Chapter 12: The Document-Object Model
¶ In chapter 11 we saw JavaScript objects referring to form
and input
tags from the HTML document. Such objects are part of a structure
called the Document-Object Model (DOM). Every tag of the document
is represented in this model, and can be looked up and interacted
with.
¶ HTML documents have what is called a hierarchical structure. Each
element (or tag) except the top <html>
tag is contained in another
element, its parent. This element can in turn contain child elements.
You can visualise this as a kind of family tree:
¶ The document-object model is based on such a view of the document. Note that the tree contains two types of elements: Nodes, which are shown as blue boxes, and pieces of simple text. The pieces of text, as we will see, work somewhat different than the other elements.

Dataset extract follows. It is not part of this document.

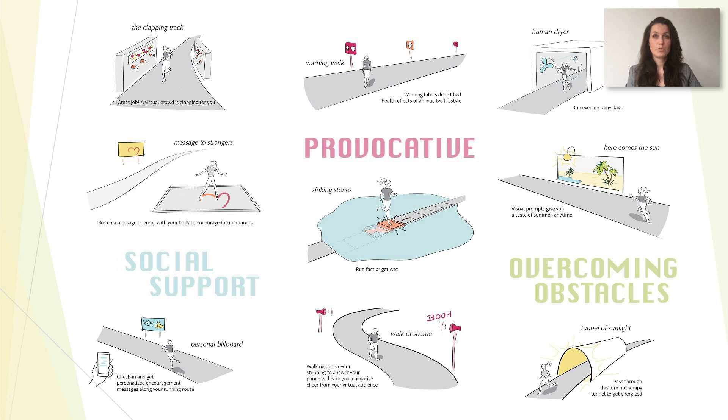Despite a focus on individual activities, our explorations also include sketches linked to social support. This is mostly done through a virtual representation of a supportive crowd or messages from fellow exercisers. Some of the sketches covered aspects of convenience meant to overcome the obstacles related to outdoor activity, such as the weather. Starting from the reward versus punishment principle, some concepts adopted a more provocative design perspective, stimulating active behavior by shocking, shaming or troublemaking.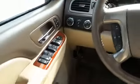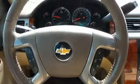Inside you'll find leather seats, heated seats, a backup camera, child safety locks, a navigation system, power seats, cruise control, a trip computer, air conditioning, and power door locks.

For one thing, they never have children.
¶ Open the file example_alchemy.html
, which contains the document
shown in the picture, and attach the console to it.
attach(window.open("example_alchemy.html"));
¶ The object for the root of the document
tree, the html
node, can be reached through the documentElement
property of the document
object. Most of the time, we need access to
the body
part of the document instead, which is at
document.body
.
¶ The links between these nodes are available as properties of the node
objects. Every DOM object has a parentNode
property, which refers
to the object in which it is contained, if any. These parents also
have links pointing back to their children, but because there can be
more than one child, these are stored in a pseudo-array called
childNodes
.
show(document.body); show(document.body.parentNode); show(document.body.childNodes.length);
¶ For convenience, there are also links called firstChild
and
lastChild
, pointing at the first and last child inside a node, or
null
when there are no children.
show(document.documentElement.firstChild); show(document.documentElement.lastChild);
¶ Finally, there are properties called nextSibling
and
previousSibling
, which point at the nodes sitting 'next' to a node
― nodes that are children of the same parent, coming before or after
the current node. Again, when there is no such sibling, the value of
these properties is null
.
show(document.body.previousSibling); show(document.body.nextSibling);
¶ To find out whether a node represents a simple piece of text or an
actual HTML node, we can look at its nodeType
property. This
contains a number, 1
for regular nodes and 3
for text nodes. There
are actually other kinds of objects with a nodeType
, such as the
document
object, which has 9
, but the most common use for this
property is distinguishing between text nodes and other nodes.
function isTextNode(node) { return node.nodeType == 3; } show(isTextNode(document.body)); show(isTextNode(document.body.firstChild.firstChild));
¶ Regular nodes have a property called nodeName
, indicating the type
of HTML tag that they represent. Text nodes, on the other hand, have a
nodeValue
, containing their text content.
show(document.body.firstChild.nodeName); show(document.body.firstChild.firstChild.nodeValue);
¶ The nodeName
s are always capitalised, which is something you need to
take into account if you ever want to compare them to something.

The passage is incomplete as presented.